DATA UNDER STUDY section start

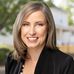 Julie Chesser Century 21 Redwood Realtor - Facebook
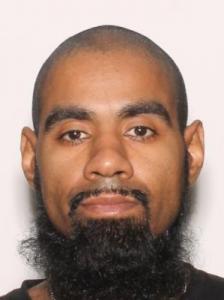 Nathan Urbano Valentin a registered Sexual Offender or Predator of Florida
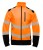 Bluza flash ostrzegawcza pomarańczowa.png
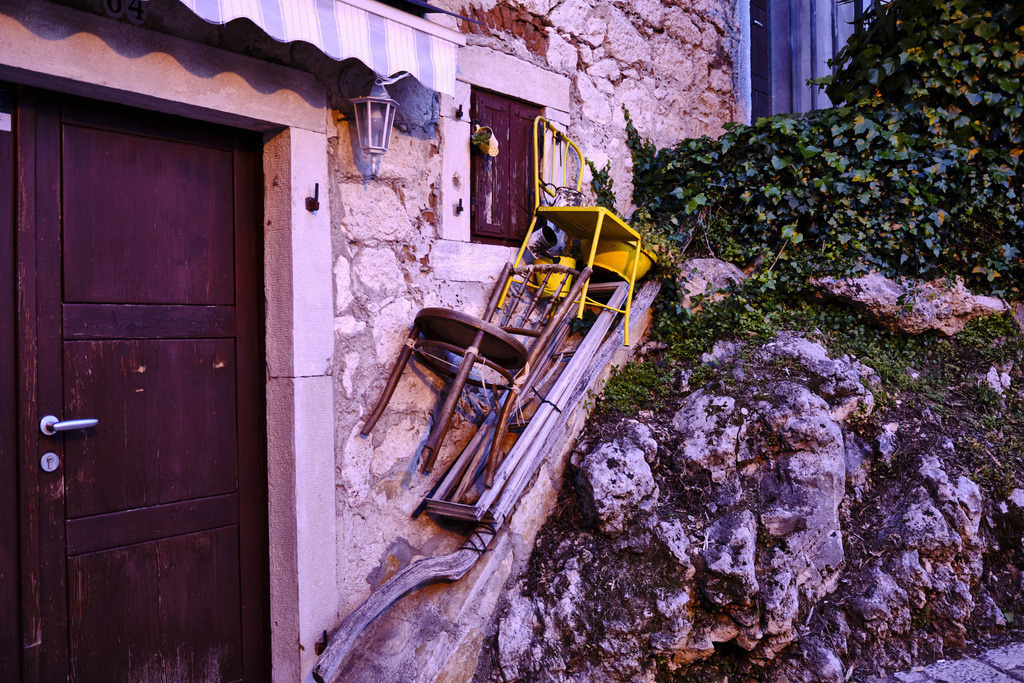 SN 52 | Ralph Driever - Fotograf - Realisiert mit Pictrs.com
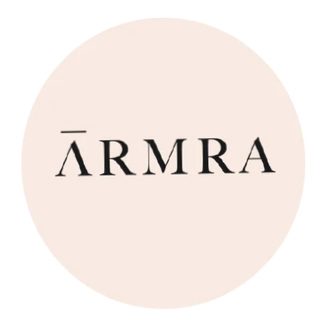 Armra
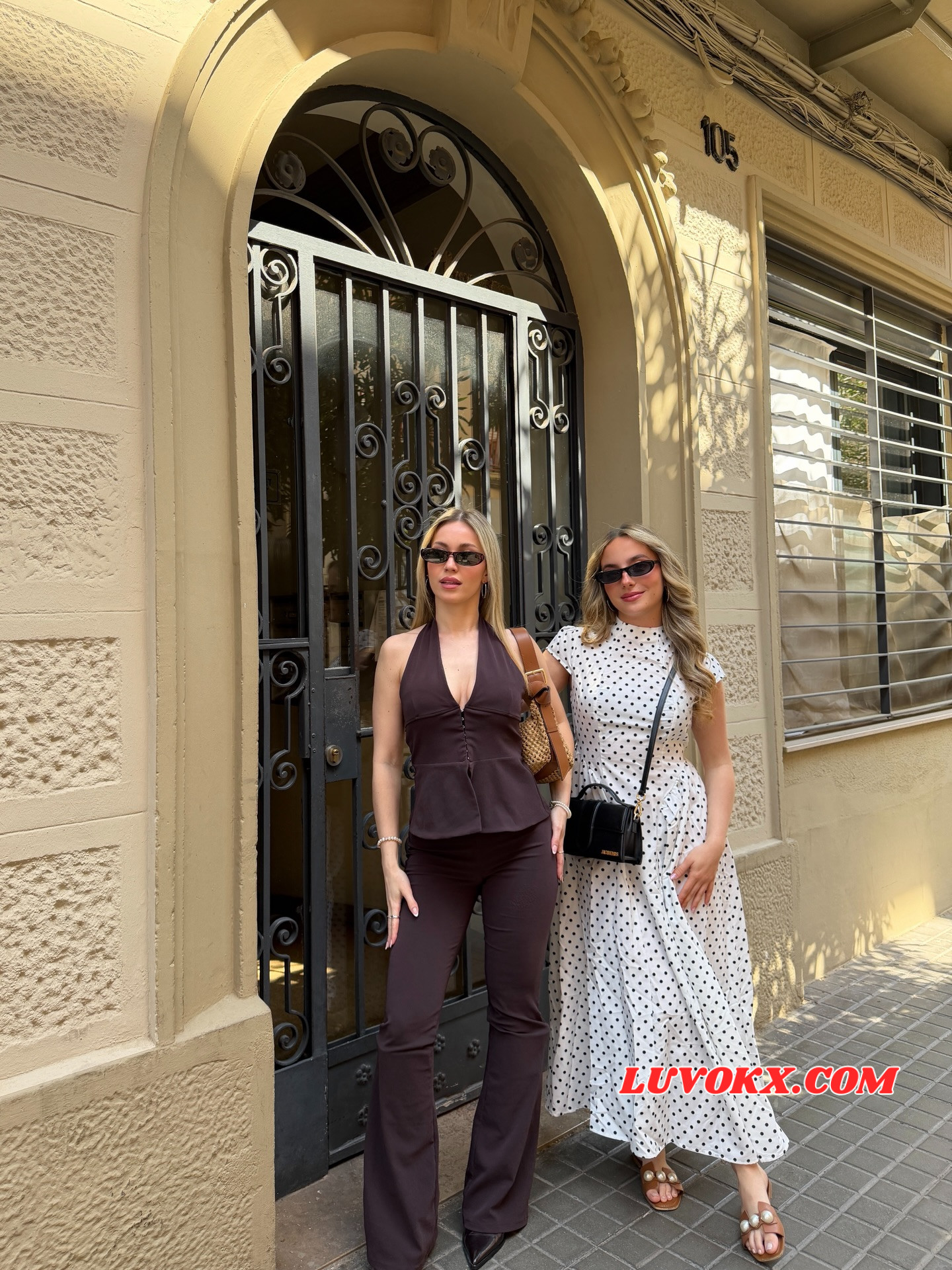 Lydia Sanz Nude piitufiina 99 Leaked pitufina 99 Leaks OnlyFans Leaked 58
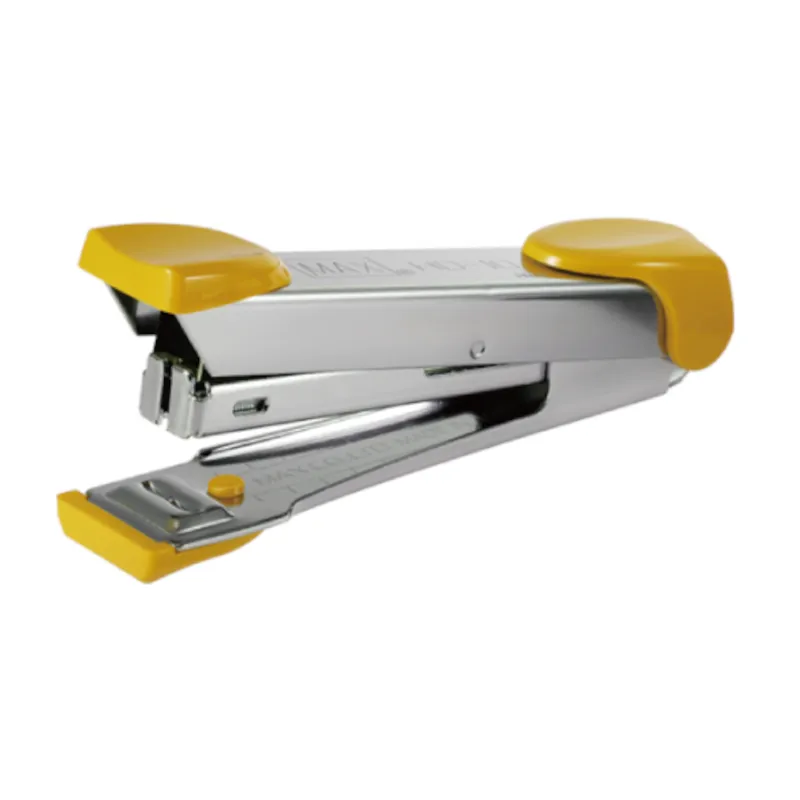 Max Stapler HD-10 Tokyo Design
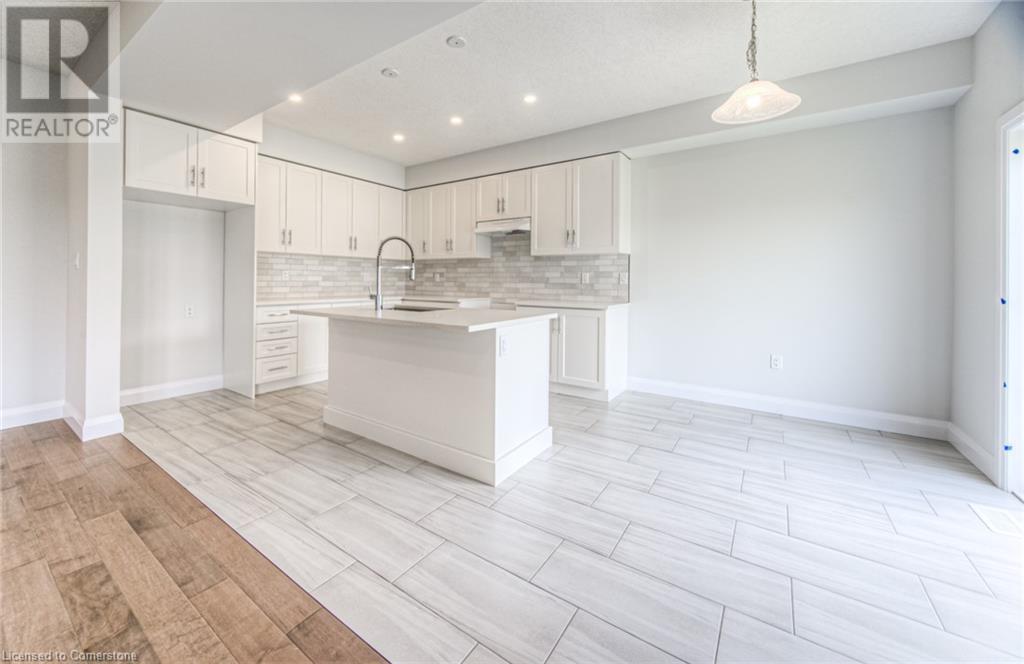 240 Applewood Street, Plattsville, Ontario  N0J 1S0 - Photo 13 - 40687907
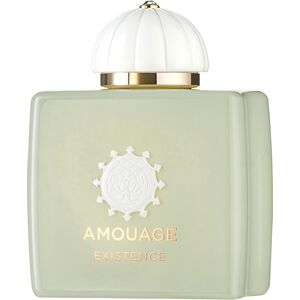 Amouage Odyssey Existence Eau De Parfum - 100ml Amouage Odyssey Existence Eau De Parfum - 100ml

DATA UNDER STUDY section end

== EXERCISE DETAILS ==
Repeat only what lies between the start of the data and the end of the line containing "Lydia Sanz Nude", exactly, with pictures left out.

== SOLUTION BELOW ==
 Julie Chesser Century 21 Redwood Realtor - Facebook
 Nathan Urbano Valentin a registered Sexual Offender or Predator of Florida
 Bluza flash ostrzegawcza pomarańczowa.png
 SN 52 | Ralph Driever - Fotograf - Realisiert mit Pictrs.com
 Armra
 Lydia Sanz Nude piitufiina 99 Leaked pitufina 99 Leaks OnlyFans Leaked 58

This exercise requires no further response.